WORK INSTRUCTIONS => After locating the line with "POMT1 Antibody (C-term)" below, output it and each following line exactly, stopping after the line with "Application of Vitreoscilla". No pictures.
*** Opening DATA RECORDS ***
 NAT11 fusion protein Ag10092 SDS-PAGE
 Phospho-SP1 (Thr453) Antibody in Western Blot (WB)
*** Closing DATA RECORDS ***
*** Opening DATA RECORDS ***
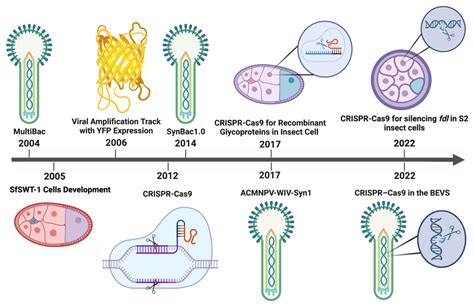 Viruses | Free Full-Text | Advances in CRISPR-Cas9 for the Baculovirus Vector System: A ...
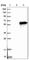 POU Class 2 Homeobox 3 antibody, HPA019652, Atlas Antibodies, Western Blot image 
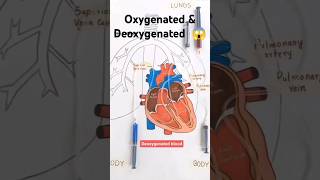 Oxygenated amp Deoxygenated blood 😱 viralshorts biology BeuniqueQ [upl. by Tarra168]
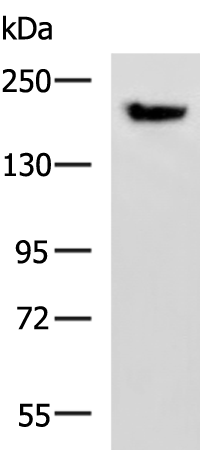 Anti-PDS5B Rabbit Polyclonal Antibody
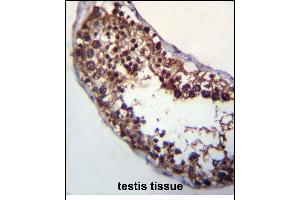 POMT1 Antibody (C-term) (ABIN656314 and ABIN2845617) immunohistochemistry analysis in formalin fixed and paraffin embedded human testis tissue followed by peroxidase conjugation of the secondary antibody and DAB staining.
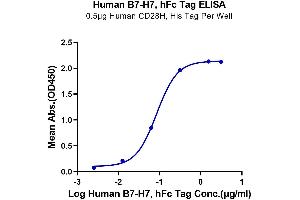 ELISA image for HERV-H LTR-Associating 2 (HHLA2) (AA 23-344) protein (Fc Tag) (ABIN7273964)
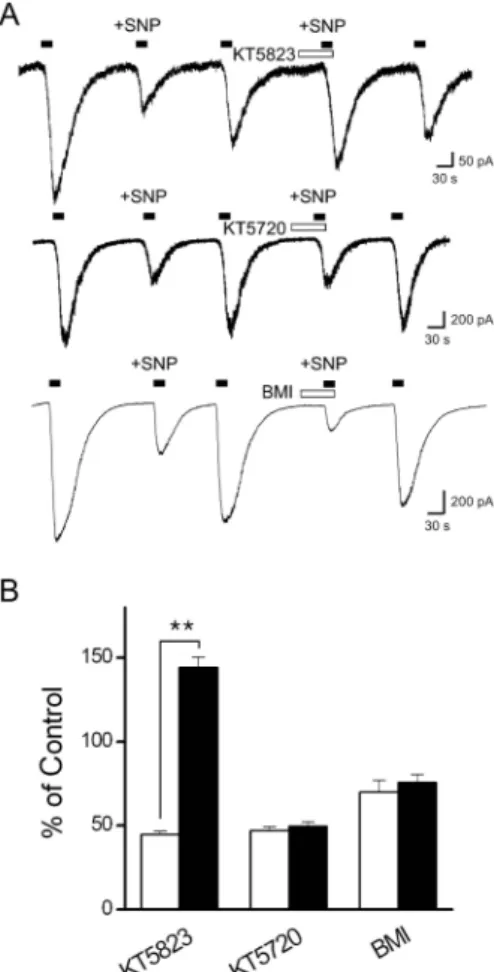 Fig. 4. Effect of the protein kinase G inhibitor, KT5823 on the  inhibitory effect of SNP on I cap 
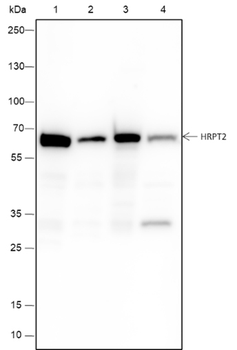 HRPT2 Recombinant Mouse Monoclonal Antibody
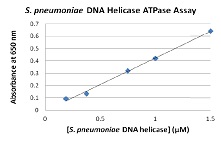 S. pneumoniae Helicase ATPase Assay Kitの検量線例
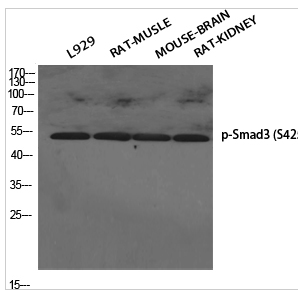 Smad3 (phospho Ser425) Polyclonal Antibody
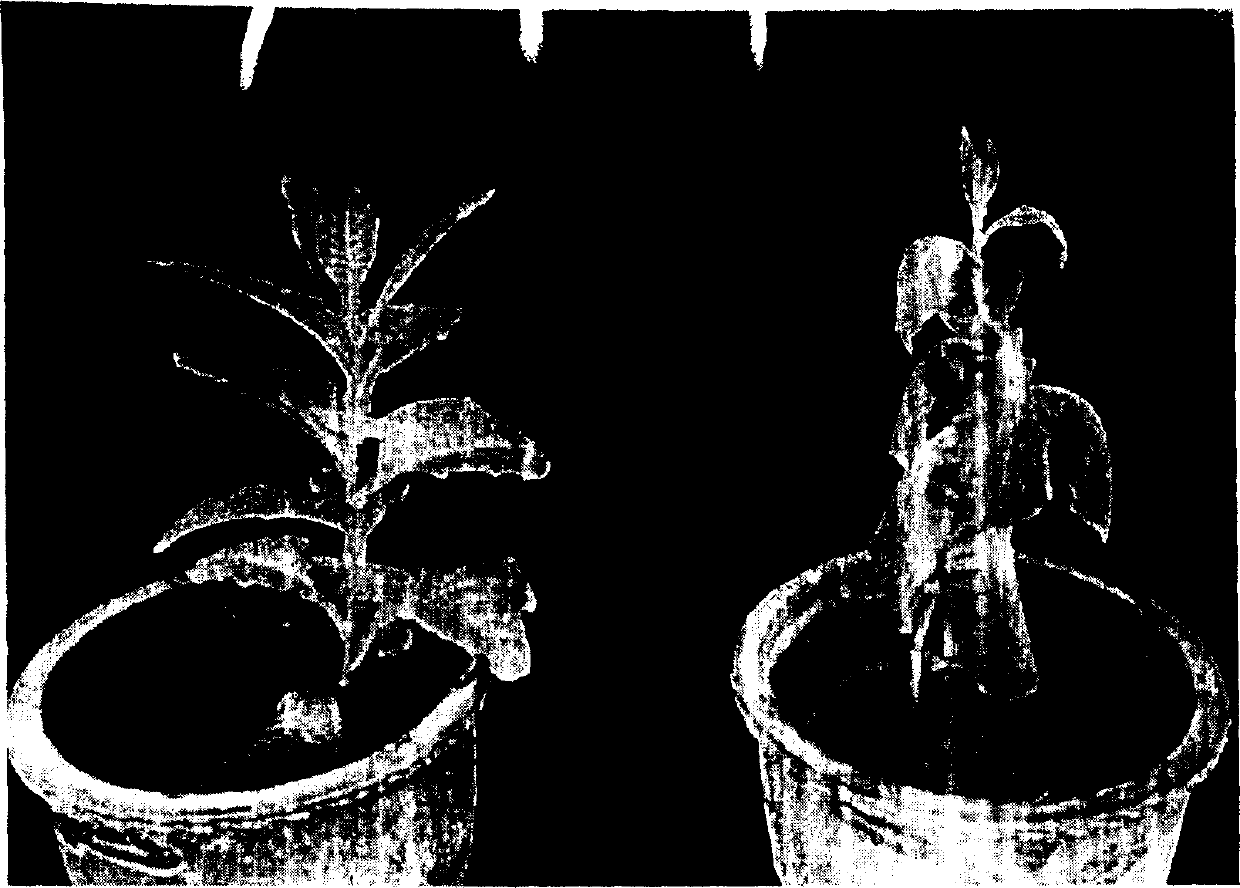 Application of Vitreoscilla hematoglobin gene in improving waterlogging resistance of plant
*** Closing DATA RECORDS ***
SOLUTION TO THIS PROBLEM =>
 POMT1 Antibody (C-term) (ABIN656314 and ABIN2845617) immunohistochemistry analysis in formalin fixed and paraffin embedded human testis tissue followed by peroxidase conjugation of the secondary antibody and DAB staining.
 ELISA image for HERV-H LTR-Associating 2 (HHLA2) (AA 23-344) protein (Fc Tag) (ABIN7273964)
 Fig. 4. Effect of the protein kinase G inhibitor, KT5823 on the  inhibitory effect of SNP on I cap 
 HRPT2 Recombinant Mouse Monoclonal Antibody
 S. pneumoniae Helicase ATPase Assay Kitの検量線例
 Smad3 (phospho Ser425) Polyclonal Antibody
 Application of Vitreoscilla hematoglobin gene in improving waterlogging resistance of plant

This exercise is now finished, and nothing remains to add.